La OMS ofrece asimismo una estadística inquietante: el 2% de la población mundial (unos 140.000.000 de personas) es psicópata. De estos, solo un 1%, cerca de un millón y medio, cometen actos delictivos. La psicopatía (o trastorno antisocial de la personalidad) es una enfermedad mental que afecta únicamente a la voluntad, no a la inteligencia. Su rasgo esencial es la falta de empatía absoluta, el completo desprecio por el efecto de sus actos en los demás, y/o un grado sustancial de resentimiento que vehicula esos actos. El psicópata o sociópata no está exento, por tanto y en principio, de responsabilidad criminal.
Las personas que sufren depresión (y la mayoría de trastornos mentales) suelen ser un peligro para sí mismos, pero raramente para los demás; justo lo contrario ocurre con los individuos que sufren una psicopatía, debido a su déficit emocional y extrema falta de conciencia del otro.
Una persona deprimida suele ser incapaz de esconder su enfermedad, por los efectos debilitantes de la misma. Un psicópata es más que capaz de engañar a cualquiera, incluidos los especialistas en salud mental.
El hecho de que Lubitz lograra procesionar por todo un catálogo de expertos que suscribieron solo sus problemas de depresión, psicosomáticos y oculares, sin que le fuera detectado precisamente el trastorno mental más peligroso y destructivo de su personalidad, parece validar precisamente, a la luz de su gran momento final, que nos encontramos ante un psicópata.
Desde mi punto de vista, la clave del caso Lubitz no es en absoluto la pulsión suicida, ni mucho menos los episodios depresivos previos, sino un trastorno de carácter psicopático, todo indica que asociado a un perfil de orden bipolar o maníaco-depresivo. Esto implica, por un lado, una absoluta falta de empatía (nadie importa) y por otro un sentimiento de superioridad plena, exacerbado en la fase maníaca: ser Dios, el poder de la vida y de la muerte. La inmolación en la cumbre, con un séquito inerme de 149 personas, 149 vidas en sus manos.
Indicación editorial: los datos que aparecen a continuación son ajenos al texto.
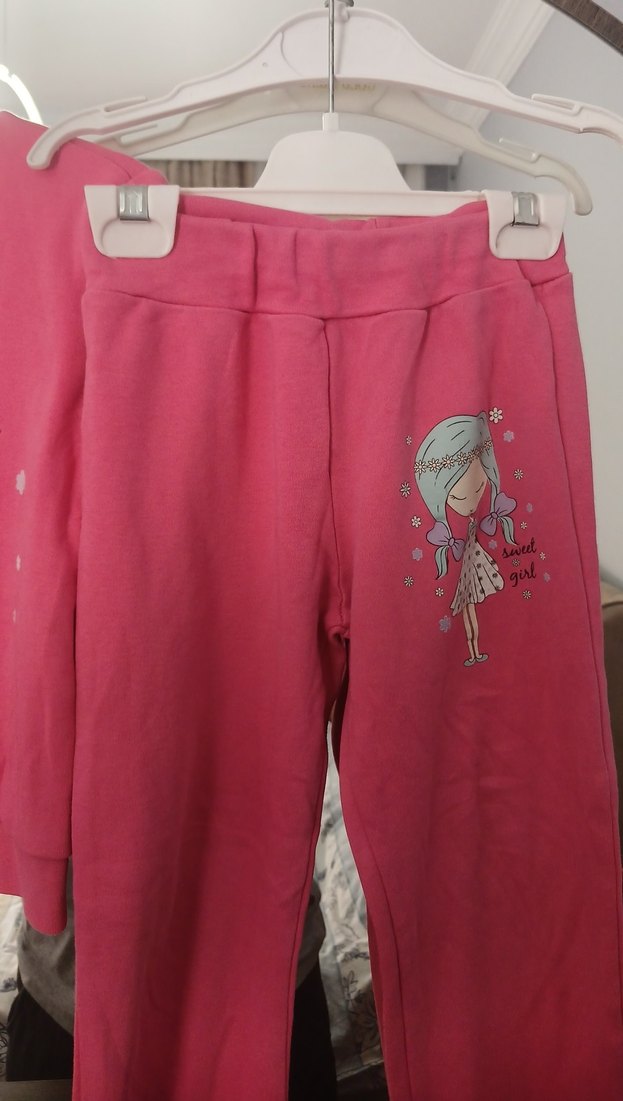 Canlı Pembe Kız Çocuk Eşofman Takımı — görsel 2/3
Incluida la del comandante, el superior que nunca llegaría a ser.
Ser Dios.
"Un día, todos sabrán mi nombre y lo guardarán en la memoria". Difícil encontrar mejor expresión de la arrogancia, la grandilocuencia, el sentimiento de "derecho" que son características clásicas de la psicopatía, no de la depresión clínica.
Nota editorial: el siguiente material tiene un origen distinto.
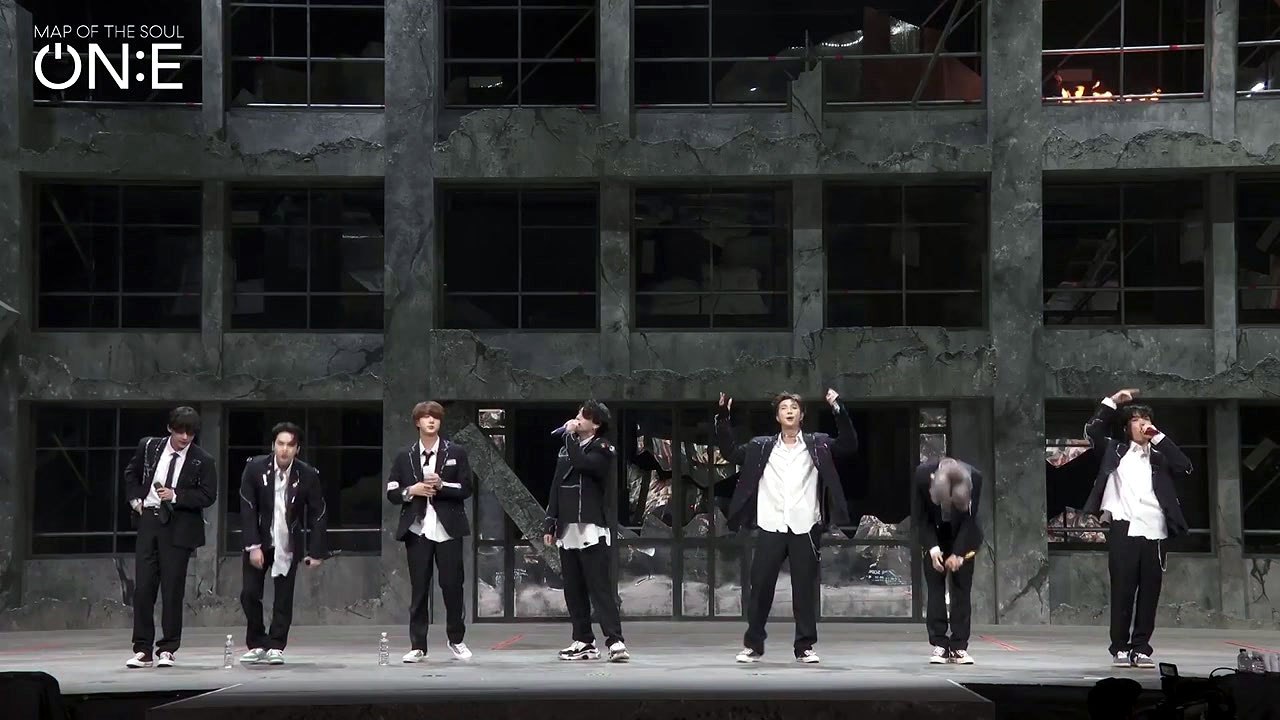[취재N팩트] BTS 대규모 온라인 콘서트...1년 만에 울려 퍼진 함성 / YTN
Un suicida no quiere matarse. Quiere morir. Y, desde luego, no quiere llevarse a la humanidad por delante, ni considera su desaparición una proeza por la que ser recordado. Solo quiere acabar con una vida que ya no puede soportar. La suya propia.
Los trastornos psiquiátricos son detectables, diagnosticables y tratables. Pero hay que reconocer que existen y asumir que deben ser abordados como condición imprescindible para una sociedad sana. Y la validación del estado de salud mental debe ser tan cotidiana, normalizada y aceptada como el del estado de la salud cardíaca o respiratoria. Como el nivel de colesterol o la tensión. O la agudeza visual o la capacidad motriz.
Y, por supuesto, nadie con responsabilidad sobre la integridad de los ciudadanos puede estar exento de esta validación de su salud integral. Ni un cirujano, ni un bombero, ni un taxista. Ni un policía, ni un maestro, ni un juez. Ni un presidente, ni un alcalde, ni un concejal.
Ni un piloto.
Porque no hay nada más cercano a un demonio que quien se cree Dios.